Das sind nur ein Paar Bibelstellen, die darauf hinweisen, dass Gott uns Freude geben will. An dieser Stelle möchte ich erzählen, wie mich der Geist Gottes erfüllt.

Erfüllung
Als ich am 26.05.1991 zum Gottesdienst fuhr, hatte ich ganz viele Zweifeln, ob ich das Richtige tue, wenn ich an Gott glaube oder doch nicht… Aber ich dachte, den Gottesdienst sitze ich durch. Nach dem Gottesdienst standen 2 Brüder vor dem Altar und beteten.
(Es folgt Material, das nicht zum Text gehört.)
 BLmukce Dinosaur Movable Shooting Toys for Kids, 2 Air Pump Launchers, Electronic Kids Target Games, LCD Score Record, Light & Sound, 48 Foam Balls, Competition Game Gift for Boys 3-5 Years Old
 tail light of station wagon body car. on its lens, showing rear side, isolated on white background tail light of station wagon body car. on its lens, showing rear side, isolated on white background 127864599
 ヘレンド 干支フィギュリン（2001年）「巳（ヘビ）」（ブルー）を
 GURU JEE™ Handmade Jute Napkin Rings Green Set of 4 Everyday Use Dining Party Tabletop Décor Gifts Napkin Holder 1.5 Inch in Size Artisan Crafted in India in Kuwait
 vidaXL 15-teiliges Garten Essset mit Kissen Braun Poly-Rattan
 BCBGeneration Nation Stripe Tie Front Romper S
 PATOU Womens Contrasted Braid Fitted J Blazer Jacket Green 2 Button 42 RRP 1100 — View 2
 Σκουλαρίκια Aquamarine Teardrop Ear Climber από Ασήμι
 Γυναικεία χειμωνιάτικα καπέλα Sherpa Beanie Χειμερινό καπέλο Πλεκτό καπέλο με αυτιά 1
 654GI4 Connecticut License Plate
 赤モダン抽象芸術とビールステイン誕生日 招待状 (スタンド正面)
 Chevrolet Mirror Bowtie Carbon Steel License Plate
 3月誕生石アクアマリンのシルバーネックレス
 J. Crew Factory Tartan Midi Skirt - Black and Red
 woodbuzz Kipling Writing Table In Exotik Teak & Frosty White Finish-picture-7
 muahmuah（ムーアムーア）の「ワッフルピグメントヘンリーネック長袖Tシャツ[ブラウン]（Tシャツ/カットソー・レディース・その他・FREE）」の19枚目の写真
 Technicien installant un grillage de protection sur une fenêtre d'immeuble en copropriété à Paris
Ich schaute sie nur an, dann spürte ich, wie mich etwas zu ihnen zieht und sagt: „Stell dich dahin und fange an zu beten.“ Ich hatte keine Ahnung wie man betet, aber ich hab’s trotzdem gemacht. Als ich nun die fromme Worte wie „Halleluja“ oder „Hossanna“ rausgeplappert habe, spürte ich auf einmal eine Ruhe im Herzen und dann eine große Freude. Das war der Moment, in dem der Geist Gottes mich erfüllt hat und wie es in Apostelgeschichte, im Kapitel 2 beschrieben ist, so fing ich auch an in fremden Sprachen zu beten.
Bleibende Freude
An diesem Tag könnte ich nur vor Freude jubeln und tanzen. Doch der Teufel wollte mir die Freude vermiesen, in dem er meine Eltern benutzt hat. Sie haben mir verbotten, in meine Gemeinde zu gehen und behaupteten, dass meine Gemeinde eine Sekte wäre. Auch wenn alles so schwer geworden ist, ich habe die innere Freude in mir nie verloren. Wenn ich innere Freude sage, meine ich nicht die Emotionslosigkeit, wie es in vielen religiösen Kreisen praktiziert wird. Ich drucke meine Freude auch emotional aus. Gott hat mich durch Sein Wort gestärkt und ermutigt, wie z.B. durch die folgende Bibelstelle:
„Glückselig seid ihr, wenn die Menschen euch hassen werden und wenn sie euch absondern und schmähen und euren Namen als böse verwerfen werden um des Sohnes des Menschen willen. Freut euch an jenem Tag und hüpft! Denn siehe, euer Lohn ist groß in dem Himmel; denn ebenso taten ihre Väter den Propheten.“
Lukas 6,22
Als ich im Berufsbildungswerk in Bremen meine Ausbildung zum Bürokaufmann machte und zu der Zeit noch unter Epilepsie litt, haben die Pfleger dort oft erlebt, dass ich nach dem Anfall wieder lächeln konnte, als ob es mich nicht stört, dass ich gerade Anfall hatte. Hat mich auch nicht gestört, weil die Zuversicht in meinem Herzen erfüllte mich mit Freude an meinem Herrn, dem ich in meiner Situation vertraute. Eine Pflegerin sagte mir in einem Gespräch: „Viktor, du bist irgendwie anders, als die anderen. Irgendwas ist in dir.“ Ich habe ihr bestätigt: „Ja, Jesus ist in mir! Mein Retter, Freund und Tröster, der mich mit der Freude erfüllt.“
Ich verstehe daher nicht, warum manche Christen so depremiert durch ihr Leben gehen. Warum sind wir oft so bekümmert, obwohl wir so einen wunderbaren Gott haben, der für uns immer da ist?
Antwort
Die Antwort auf diese Fragen kann folgend aussehen: Viele suchen ihre Freude in irgendwelchen Dingen oder Aktivitäten, oder auch in anderen Menschen. Wenn man sich zusehr mit Sorgen beschäftigt und nur über Problemen klagt, verliert man die ganze Freude, die Gott uns gegeben hat. Lass Dir Freude nicht rauben, die Du von Gott bekommen hast. Wenn Du Gott nicht kennst, dann lerne Ihn kennen. Ich kann dir garantieren, dass dein Leben viel schöner und wertvoller sein wird, als wenn du deine Freude an irgendwelchen materiellen Dingen oder bei den anderen Menschen suchst. Gott segne Dich!